▶ **ACTION ITEM**
Omit every picture and return the rest of the data unaltered.

==== SUPPLIED MATERIAL ====

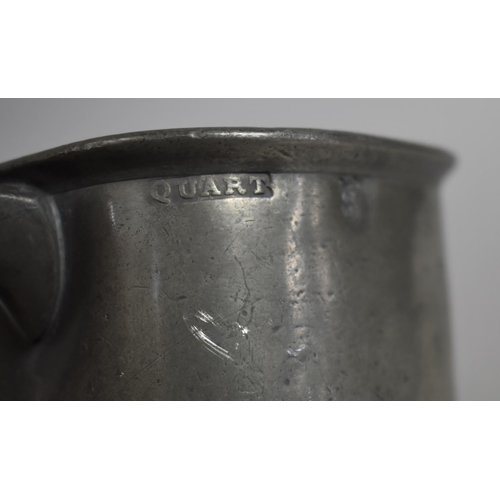 157 - Two Pewter Side Pouring Quart Measures, Woolwich and Shropshire Stamps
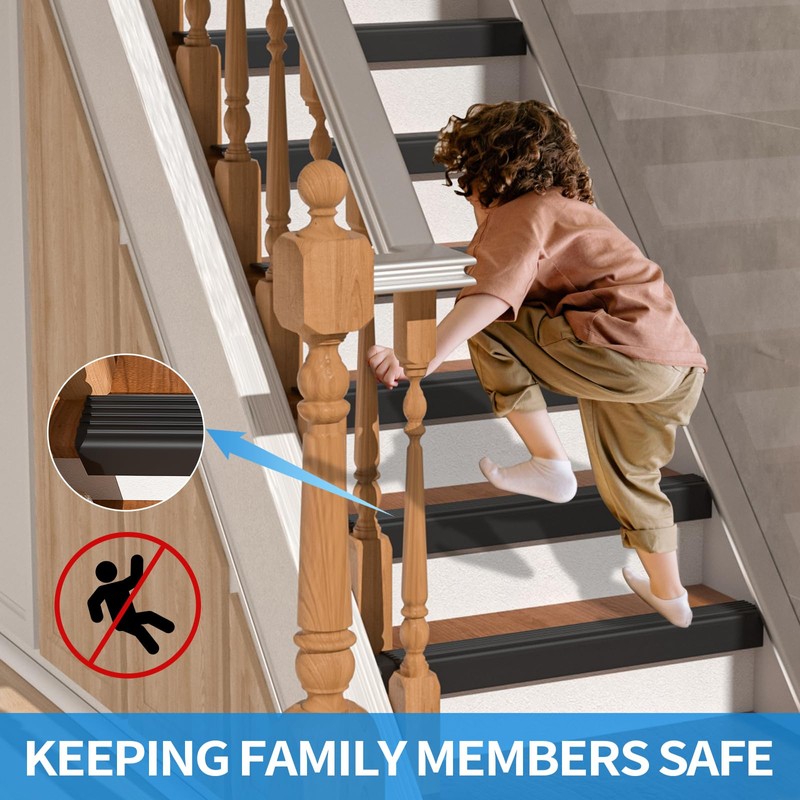 Elvone Stair Nosing, Rubber Edging Guard Trim Self Adhesive, Vinyl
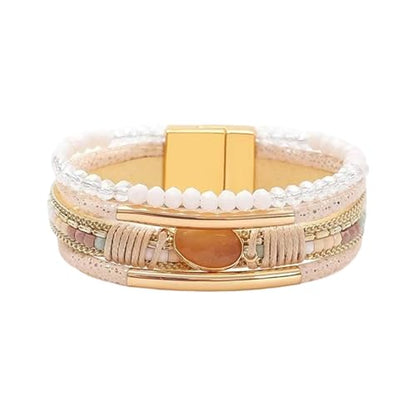 Bangle Styles Crystals Bead for Women Multiple Layer Stackable Jewelry Gift - color: H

====

▶ **RESPONSE AREA**
 157 - Two Pewter Side Pouring Quart Measures, Woolwich and Shropshire Stamps
 Elvone Stair Nosing, Rubber Edging Guard Trim Self Adhesive, Vinyl
 Bangle Styles Crystals Bead for Women Multiple Layer Stackable Jewelry Gift - color: H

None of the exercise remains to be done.